# WTB: CHAdeMO Adapter (for U.S.) -- Or Potential Swap?



## tps5352 (Nov 1, 2019)

As it turns out, I was able to purchase a good CHAdeMO adapter--with original box and in excellent shape--for significantly less than the new price on Tesla.com. So I *no longer need to buy or swap* for a CHAdeMO adapter.
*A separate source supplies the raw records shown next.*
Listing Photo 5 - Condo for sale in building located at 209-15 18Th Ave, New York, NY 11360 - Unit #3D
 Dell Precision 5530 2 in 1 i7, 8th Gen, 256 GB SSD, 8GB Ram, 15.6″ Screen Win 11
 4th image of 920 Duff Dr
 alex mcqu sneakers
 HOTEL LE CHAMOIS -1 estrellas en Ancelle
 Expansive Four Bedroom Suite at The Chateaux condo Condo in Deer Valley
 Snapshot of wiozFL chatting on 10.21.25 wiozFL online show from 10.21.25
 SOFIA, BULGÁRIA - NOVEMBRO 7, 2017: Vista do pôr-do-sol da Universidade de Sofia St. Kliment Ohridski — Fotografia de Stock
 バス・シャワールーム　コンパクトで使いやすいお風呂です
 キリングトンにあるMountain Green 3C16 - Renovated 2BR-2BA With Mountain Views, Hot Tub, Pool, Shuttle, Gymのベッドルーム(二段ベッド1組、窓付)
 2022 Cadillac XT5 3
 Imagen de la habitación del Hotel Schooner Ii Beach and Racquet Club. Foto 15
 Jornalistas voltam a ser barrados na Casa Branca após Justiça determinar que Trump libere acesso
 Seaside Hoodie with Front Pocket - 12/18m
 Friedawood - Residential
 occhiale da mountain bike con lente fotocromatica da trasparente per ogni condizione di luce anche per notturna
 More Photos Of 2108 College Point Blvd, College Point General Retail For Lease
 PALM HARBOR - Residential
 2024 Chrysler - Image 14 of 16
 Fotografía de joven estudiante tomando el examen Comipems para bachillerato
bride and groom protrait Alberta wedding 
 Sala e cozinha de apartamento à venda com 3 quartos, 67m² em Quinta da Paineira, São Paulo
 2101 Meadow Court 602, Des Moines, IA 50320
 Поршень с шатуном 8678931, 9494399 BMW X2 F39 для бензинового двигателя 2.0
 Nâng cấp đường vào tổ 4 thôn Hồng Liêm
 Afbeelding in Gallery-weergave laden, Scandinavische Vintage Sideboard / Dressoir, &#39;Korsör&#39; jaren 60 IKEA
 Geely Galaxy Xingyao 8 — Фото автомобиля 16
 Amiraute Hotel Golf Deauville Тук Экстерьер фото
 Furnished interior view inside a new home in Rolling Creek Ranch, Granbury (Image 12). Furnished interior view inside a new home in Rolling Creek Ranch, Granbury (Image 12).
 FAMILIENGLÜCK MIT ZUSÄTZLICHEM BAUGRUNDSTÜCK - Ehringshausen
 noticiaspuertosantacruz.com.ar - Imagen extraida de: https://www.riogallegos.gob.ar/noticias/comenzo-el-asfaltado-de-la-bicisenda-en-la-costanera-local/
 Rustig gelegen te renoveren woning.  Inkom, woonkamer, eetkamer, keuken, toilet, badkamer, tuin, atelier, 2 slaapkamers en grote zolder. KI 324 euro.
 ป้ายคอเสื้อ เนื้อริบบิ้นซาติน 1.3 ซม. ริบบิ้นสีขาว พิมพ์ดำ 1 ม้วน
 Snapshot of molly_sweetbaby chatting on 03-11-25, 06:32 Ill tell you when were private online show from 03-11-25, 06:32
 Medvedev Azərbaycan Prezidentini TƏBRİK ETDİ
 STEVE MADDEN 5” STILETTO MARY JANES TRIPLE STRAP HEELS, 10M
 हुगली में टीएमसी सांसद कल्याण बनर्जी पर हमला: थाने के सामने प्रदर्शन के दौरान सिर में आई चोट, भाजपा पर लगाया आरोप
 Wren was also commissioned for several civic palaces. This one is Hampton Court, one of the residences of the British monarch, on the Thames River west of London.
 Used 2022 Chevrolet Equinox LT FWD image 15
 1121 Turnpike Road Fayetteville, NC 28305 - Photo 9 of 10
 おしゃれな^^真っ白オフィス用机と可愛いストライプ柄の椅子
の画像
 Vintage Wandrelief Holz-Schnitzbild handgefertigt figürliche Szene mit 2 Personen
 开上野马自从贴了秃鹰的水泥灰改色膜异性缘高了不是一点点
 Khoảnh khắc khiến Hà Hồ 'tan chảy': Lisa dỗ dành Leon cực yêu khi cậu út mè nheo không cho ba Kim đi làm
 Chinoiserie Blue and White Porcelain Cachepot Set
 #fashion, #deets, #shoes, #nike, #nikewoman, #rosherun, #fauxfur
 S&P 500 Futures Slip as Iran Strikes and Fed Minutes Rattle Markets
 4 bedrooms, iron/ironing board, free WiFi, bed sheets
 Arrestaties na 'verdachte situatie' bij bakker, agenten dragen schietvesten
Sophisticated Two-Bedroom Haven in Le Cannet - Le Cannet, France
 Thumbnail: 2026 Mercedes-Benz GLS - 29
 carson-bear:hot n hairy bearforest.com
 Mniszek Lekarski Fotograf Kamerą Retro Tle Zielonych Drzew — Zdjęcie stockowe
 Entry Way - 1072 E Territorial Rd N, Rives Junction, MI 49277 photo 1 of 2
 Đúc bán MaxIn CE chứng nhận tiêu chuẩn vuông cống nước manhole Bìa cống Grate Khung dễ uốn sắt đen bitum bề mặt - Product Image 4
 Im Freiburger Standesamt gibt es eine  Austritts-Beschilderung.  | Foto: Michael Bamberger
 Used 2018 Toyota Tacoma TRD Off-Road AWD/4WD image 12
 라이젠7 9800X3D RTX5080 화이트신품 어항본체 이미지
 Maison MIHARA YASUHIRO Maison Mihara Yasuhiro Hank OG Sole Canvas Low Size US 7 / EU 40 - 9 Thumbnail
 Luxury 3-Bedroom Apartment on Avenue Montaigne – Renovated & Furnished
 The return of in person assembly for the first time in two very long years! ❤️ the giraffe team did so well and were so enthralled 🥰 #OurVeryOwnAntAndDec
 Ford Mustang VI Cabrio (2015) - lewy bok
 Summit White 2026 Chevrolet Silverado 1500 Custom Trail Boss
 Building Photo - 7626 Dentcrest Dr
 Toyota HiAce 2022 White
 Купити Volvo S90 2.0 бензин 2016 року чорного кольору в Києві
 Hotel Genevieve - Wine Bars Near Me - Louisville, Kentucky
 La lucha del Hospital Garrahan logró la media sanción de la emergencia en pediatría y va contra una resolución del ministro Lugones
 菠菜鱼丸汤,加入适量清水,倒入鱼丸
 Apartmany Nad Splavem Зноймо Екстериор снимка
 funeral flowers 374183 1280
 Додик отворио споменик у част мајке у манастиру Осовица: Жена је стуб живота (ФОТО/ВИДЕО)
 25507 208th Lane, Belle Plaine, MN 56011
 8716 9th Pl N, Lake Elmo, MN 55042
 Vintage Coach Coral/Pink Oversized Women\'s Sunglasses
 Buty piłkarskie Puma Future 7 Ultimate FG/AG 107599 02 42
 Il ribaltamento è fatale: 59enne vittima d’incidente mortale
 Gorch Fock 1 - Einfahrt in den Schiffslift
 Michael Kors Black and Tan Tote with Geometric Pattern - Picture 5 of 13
Seriously debating the need for one of these, but better safe than sorry. I am hoping someone who is not trying to put their kid through private school has a *CHAdeMO adapter* in good (little-used) shape that they no longer need. If it still has its Tesla box, that would be nice. I could probably pick it up in person, cash in hand, in the general Sacramento-San Francisco-Stockton, California areas. Or for greater distances there is PayPal and shipping. Price? Let's discuss (in PMs). But it would depend on condition, I guess. Also, the age and whether it will work for all three Models (S, X, and 3). If you've been thinking of freeing up some space in your frunk while pocketing some cash, please let me know.

Had a new idea: Would anyone swap a good-condition CHAdeMO adapter for a brand new *Tesla Corded Mobile Connector* (arguably much more useful to most drivers)? I'll put a new ad in the "For Sale" area with more details about the Corded Mobile Connector.


----------